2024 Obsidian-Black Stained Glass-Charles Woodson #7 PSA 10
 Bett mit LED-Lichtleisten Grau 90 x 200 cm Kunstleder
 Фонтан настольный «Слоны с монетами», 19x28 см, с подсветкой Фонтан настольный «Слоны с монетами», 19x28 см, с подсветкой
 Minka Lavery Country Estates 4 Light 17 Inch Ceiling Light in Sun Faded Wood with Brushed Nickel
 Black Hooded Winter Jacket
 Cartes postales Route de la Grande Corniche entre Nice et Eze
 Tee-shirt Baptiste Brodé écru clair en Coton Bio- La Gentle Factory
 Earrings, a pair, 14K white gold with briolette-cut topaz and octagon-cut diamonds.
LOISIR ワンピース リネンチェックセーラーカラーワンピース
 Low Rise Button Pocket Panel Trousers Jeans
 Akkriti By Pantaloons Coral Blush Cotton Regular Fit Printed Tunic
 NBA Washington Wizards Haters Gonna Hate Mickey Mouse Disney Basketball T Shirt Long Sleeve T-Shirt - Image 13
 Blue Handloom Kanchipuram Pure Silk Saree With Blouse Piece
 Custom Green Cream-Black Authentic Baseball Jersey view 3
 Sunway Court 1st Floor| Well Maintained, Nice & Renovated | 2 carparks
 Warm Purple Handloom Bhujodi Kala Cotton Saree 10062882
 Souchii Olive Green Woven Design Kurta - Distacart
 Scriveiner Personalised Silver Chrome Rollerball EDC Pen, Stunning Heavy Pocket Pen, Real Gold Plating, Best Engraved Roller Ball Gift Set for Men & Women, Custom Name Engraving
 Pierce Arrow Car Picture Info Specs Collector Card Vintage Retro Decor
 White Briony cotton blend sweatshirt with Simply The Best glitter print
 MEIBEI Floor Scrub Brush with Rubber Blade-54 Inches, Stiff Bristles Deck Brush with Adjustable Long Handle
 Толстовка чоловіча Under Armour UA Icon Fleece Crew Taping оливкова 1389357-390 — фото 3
====
» Problem description:
Using the listing above, count how many lines contain the word "Black" and, please, write only that number.

» Result below:
3